Session 633: Religious Authority, II: Reforming the Profane

Tuesday 4 July 2017, 11.15-12.45

Organiser:Maroula Perisanidi, Classics, Ancient History & Archaeology, University of Nottingham
Moderator/Chair:Charles West, Department of History, University of Sheffield
Paper 633-aSpiritual Gifts and Lay Authority in 11th-Century Byzantium
(Language: English)
Maroula Perisanidi, Classics, Ancient History & Archaeology, University of Nottingham
Index terms: Byzantine Studies, Ecclesiastical History, Lay Piety, Religious Life
Paper 633-bAdvising Aristocrats: Alcuin and Living a Religious Life beyond the Cloister
(Language: English)
Stephen Michael Ling, School of History, University of Leicester
Index terms: Ecclesiastical History, Religious Life
Paper 633-cThe Sermons of Eustathios of Thessalonike: The Authority of Homer in the Service of Reform?
(Language: English)
Oliver Thomas, Department of Classics, University of Nottingham
Index terms: Byzantine Studies, Language and Literature - Greek, Learning (The Classical Inheritance), Sermons and Preaching
Abstract

This panel explores the divide between sacred and profane by focusing on monks and clerics as agents of lay reform. The first paper examines the place of the laity in the 11th-century struggle between monks and secular clerics, by looking at the writings of religious figures, such as Symeon the New Theologian and Niketas Stethatos, who put more emphasis on charismatic rather than institutional authority.

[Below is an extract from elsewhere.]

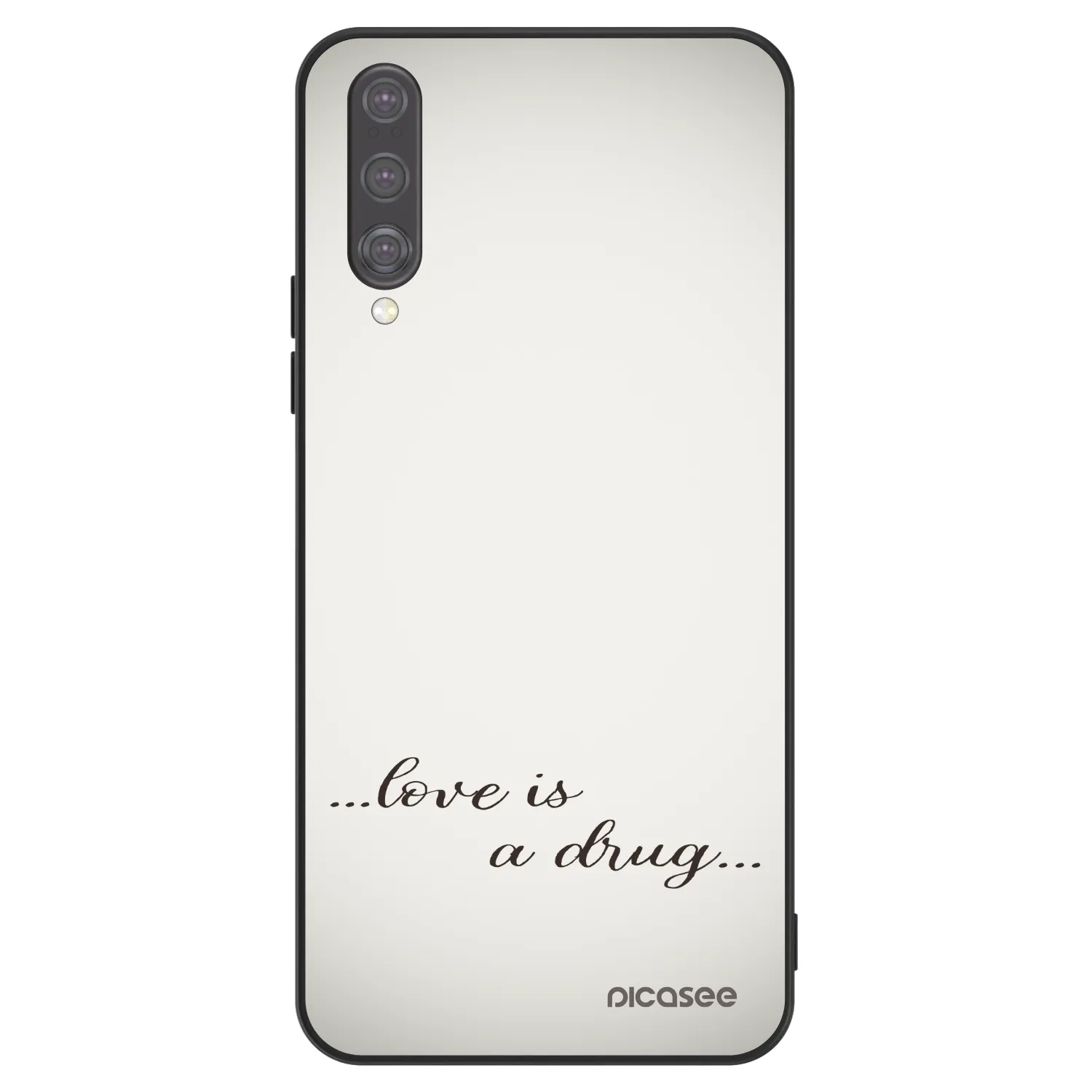 Picasee ULTIMATE CASE Huawei P20 Pro - készülékre - Love is a drug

The second paper analyses the advice Alcuin gave to secular figures, such as count Wido of Brittany, regarding their personal and public religious practices, and contrasts it to the advice offered to those in holy orders. The third paper focuses on the language used in the sermons and letters of Eustathius, a twelfth-century bishop of Thessalonike and commentator of the Homeric epics, and asks to what extent classical knowledge could be put to use in the moral reform of the laity.